WHAT TO PRODUCE: Transcribe the data exactly.

RECORDED DATA:

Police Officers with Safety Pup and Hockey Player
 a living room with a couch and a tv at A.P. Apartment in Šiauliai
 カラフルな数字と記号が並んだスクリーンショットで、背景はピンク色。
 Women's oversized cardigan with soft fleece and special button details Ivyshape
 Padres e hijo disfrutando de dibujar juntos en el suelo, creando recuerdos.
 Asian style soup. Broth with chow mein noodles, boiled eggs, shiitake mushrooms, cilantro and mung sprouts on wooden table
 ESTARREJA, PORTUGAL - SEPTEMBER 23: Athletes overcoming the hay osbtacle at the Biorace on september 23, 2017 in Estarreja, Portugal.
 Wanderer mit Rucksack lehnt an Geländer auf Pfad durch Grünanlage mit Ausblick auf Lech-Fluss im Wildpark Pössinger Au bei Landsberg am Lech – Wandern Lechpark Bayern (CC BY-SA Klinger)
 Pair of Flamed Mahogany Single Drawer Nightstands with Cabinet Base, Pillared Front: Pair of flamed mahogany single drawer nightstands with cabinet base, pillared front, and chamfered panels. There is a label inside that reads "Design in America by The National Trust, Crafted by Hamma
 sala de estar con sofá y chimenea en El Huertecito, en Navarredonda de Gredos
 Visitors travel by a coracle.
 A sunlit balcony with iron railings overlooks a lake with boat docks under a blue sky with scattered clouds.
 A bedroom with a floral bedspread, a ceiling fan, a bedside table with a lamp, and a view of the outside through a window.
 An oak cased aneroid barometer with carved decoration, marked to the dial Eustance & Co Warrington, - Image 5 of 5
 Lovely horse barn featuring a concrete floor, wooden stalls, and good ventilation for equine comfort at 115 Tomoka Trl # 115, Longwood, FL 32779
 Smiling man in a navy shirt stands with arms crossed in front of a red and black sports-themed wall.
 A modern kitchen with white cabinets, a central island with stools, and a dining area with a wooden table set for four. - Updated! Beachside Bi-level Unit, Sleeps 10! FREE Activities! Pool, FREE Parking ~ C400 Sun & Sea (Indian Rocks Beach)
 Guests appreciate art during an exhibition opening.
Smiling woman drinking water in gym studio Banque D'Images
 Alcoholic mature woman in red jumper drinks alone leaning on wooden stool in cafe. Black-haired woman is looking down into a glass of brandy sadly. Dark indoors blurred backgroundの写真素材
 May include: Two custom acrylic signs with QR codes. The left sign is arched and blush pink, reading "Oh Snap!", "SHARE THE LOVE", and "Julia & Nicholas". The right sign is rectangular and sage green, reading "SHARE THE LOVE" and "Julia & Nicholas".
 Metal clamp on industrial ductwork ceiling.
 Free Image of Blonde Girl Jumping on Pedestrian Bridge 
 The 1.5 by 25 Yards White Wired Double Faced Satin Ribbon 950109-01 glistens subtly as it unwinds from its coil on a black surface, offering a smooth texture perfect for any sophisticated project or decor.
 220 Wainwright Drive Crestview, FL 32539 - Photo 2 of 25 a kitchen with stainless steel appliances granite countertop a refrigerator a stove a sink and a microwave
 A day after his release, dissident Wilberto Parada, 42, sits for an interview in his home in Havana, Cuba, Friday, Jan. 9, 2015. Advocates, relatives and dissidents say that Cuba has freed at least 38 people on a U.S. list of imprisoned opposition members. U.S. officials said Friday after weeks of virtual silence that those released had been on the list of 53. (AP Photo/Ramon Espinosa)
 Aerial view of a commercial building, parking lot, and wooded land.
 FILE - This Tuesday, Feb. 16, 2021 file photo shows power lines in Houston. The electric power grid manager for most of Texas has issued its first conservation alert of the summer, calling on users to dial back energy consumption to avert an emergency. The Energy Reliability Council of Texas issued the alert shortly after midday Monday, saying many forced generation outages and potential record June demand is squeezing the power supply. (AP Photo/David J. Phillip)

ANSWER TO THE PROBLEM:
Police Officers with Safety Pup and Hockey Player
 a living room with a couch and a tv at A.P. Apartment in Šiauliai
 カラフルな数字と記号が並んだスクリーンショットで、背景はピンク色。
 Women's oversized cardigan with soft fleece and special button details Ivyshape
 Padres e hijo disfrutando de dibujar juntos en el suelo, creando recuerdos.
 Asian style soup. Broth with chow mein noodles, boiled eggs, shiitake mushrooms, cilantro and mung sprouts on wooden table
 ESTARREJA, PORTUGAL - SEPTEMBER 23: Athletes overcoming the hay osbtacle at the Biorace on september 23, 2017 in Estarreja, Portugal.
 Wanderer mit Rucksack lehnt an Geländer auf Pfad durch Grünanlage mit Ausblick auf Lech-Fluss im Wildpark Pössinger Au bei Landsberg am Lech – Wandern Lechpark Bayern (CC BY-SA Klinger)
 Pair of Flamed Mahogany Single Drawer Nightstands with Cabinet Base, Pillared Front: Pair of flamed mahogany single drawer nightstands with cabinet base, pillared front, and chamfered panels. There is a label inside that reads "Design in America by The National Trust, Crafted by Hamma
 sala de estar con sofá y chimenea en El Huertecito, en Navarredonda de Gredos
 Visitors travel by a coracle.
 A sunlit balcony with iron railings overlooks a lake with boat docks under a blue sky with scattered clouds.
 A bedroom with a floral bedspread, a ceiling fan, a bedside table with a lamp, and a view of the outside through a window.
 An oak cased aneroid barometer with carved decoration, marked to the dial Eustance & Co Warrington, - Image 5 of 5
 Lovely horse barn featuring a concrete floor, wooden stalls, and good ventilation for equine comfort at 115 Tomoka Trl # 115, Longwood, FL 32779
 Smiling man in a navy shirt stands with arms crossed in front of a red and black sports-themed wall.
 A modern kitchen with white cabinets, a central island with stools, and a dining area with a wooden table set for four. - Updated! Beachside Bi-level Unit, Sleeps 10! FREE Activities! Pool, FREE Parking ~ C400 Sun & Sea (Indian Rocks Beach)
 Guests appreciate art during an exhibition opening.
Smiling woman drinking water in gym studio Banque D'Images
 Alcoholic mature woman in red jumper drinks alone leaning on wooden stool in cafe. Black-haired woman is looking down into a glass of brandy sadly. Dark indoors blurred backgroundの写真素材
 May include: Two custom acrylic signs with QR codes. The left sign is arched and blush pink, reading "Oh Snap!", "SHARE THE LOVE", and "Julia & Nicholas". The right sign is rectangular and sage green, reading "SHARE THE LOVE" and "Julia & Nicholas".
 Metal clamp on industrial ductwork ceiling.
 Free Image of Blonde Girl Jumping on Pedestrian Bridge 
 The 1.5 by 25 Yards White Wired Double Faced Satin Ribbon 950109-01 glistens subtly as it unwinds from its coil on a black surface, offering a smooth texture perfect for any sophisticated project or decor.
 220 Wainwright Drive Crestview, FL 32539 - Photo 2 of 25 a kitchen with stainless steel appliances granite countertop a refrigerator a stove a sink and a microwave
 A day after his release, dissident Wilberto Parada, 42, sits for an interview in his home in Havana, Cuba, Friday, Jan. 9, 2015. Advocates, relatives and dissidents say that Cuba has freed at least 38 people on a U.S. list of imprisoned opposition members. U.S. officials said Friday after weeks of virtual silence that those released had been on the list of 53. (AP Photo/Ramon Espinosa)
 Aerial view of a commercial building, parking lot, and wooded land.
 FILE - This Tuesday, Feb. 16, 2021 file photo shows power lines in Houston. The electric power grid manager for most of Texas has issued its first conservation alert of the summer, calling on users to dial back energy consumption to avert an emergency. The Energy Reliability Council of Texas issued the alert shortly after midday Monday, saying many forced generation outages and potential record June demand is squeezing the power supply. (AP Photo/David J. Phillip)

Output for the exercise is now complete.